A radical idea would be just to set play familiarity to 100 or 0 for all players on all teams and see if there is actual parity. We all know that offenses gain play knowledge (both individually and as a team) a LOT faster than defenses gain play knowledge (7 seasons running basically the same defensive plays? you get 50% play knowledge as a team).

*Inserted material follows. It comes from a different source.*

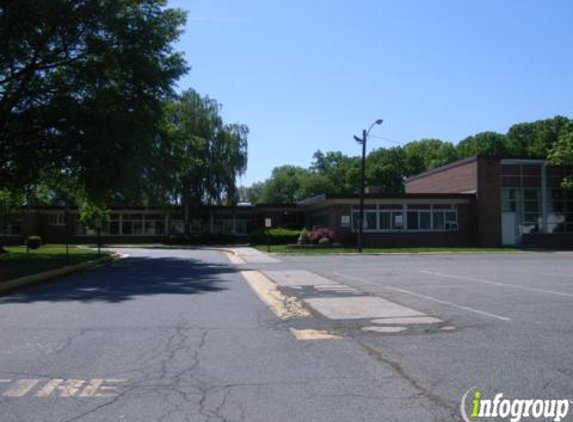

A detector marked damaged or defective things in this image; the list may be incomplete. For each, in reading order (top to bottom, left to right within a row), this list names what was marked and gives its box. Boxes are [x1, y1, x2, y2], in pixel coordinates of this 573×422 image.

cracked asphalt [1, 249, 572, 420]
concrete patch in pavement [304, 296, 424, 320]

But I don't think play knowledge is the real problem here. For me the problem has been, why is there so much open field? And why are LBs so non-existent in the game now? I looked at the stats from the first 5 or so seasons of MFN-1 and LBs were getting 100-150 tackles a year. Now a good LB may get 100 if he's REALLY lucky. And the "best" LBs in the league are going to average 60 or so. What I've been seeing is that LBs are getting sucked up into the block more than the OL is coming to the second level to make the block. ILBs should be playing 5 or so yards off the LOS, move laterally until the RB cuts, and then pursue to the hit. ILBs in the game are playing 2-3 yards off the LOS most of the time, especially if they are in M2M and immediately taking pursuit angles to the RB and getting eaten up in blocks. Or getting caught in situations where the OL is already blocking one player and ends up "blocking" two or three as the LBs all converge on the same spot. The WLB is the only LB that plays close to his talent level because, I'm almost certain, he plays in space most of the time and doesn't get sucked into blocks because there is not a blocker near. WLB is the only position worth having an LB above 70 overall unless you are going to treat your MLB as an extra DB in the nickle defense.

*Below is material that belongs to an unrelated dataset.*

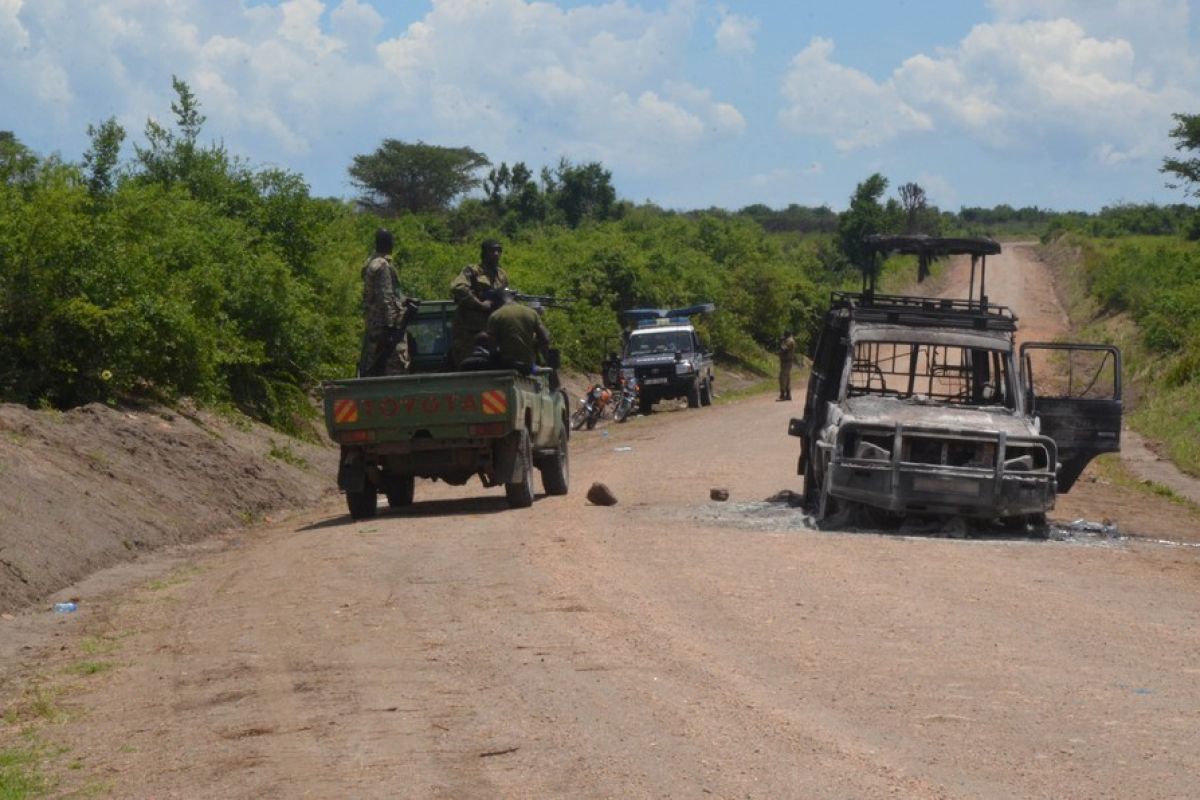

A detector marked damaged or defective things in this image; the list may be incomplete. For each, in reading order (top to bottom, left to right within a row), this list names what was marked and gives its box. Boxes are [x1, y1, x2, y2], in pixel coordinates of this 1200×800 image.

burnt safari truck [324, 299, 571, 520]
burned vehicle [792, 235, 1118, 527]
burnt safari truck [792, 235, 1118, 527]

Since zone coverage has been really terrible for so long, most people resort to playing a lot of M2M unless you just want to get run over. So I see the issue as compounding. Not enough good defensive plays, bad player alignment, not enough lateral movement, players getting sucked into blocks, and finally (my favorite rant) poor tackling. I think that physical weight + speed + strength all need to be added to tackling skills. It's obnoxious to watch 190-215# RBs ping pong off of 240-260 pound LBs that hit them at full speed. The only way I've found to counter this at all is to only look at LBs that have 90+ tackling.
In short, if LBs played better, running stats would probably be more realistic. Right now, if the safety doesn't get the RB, he's gone.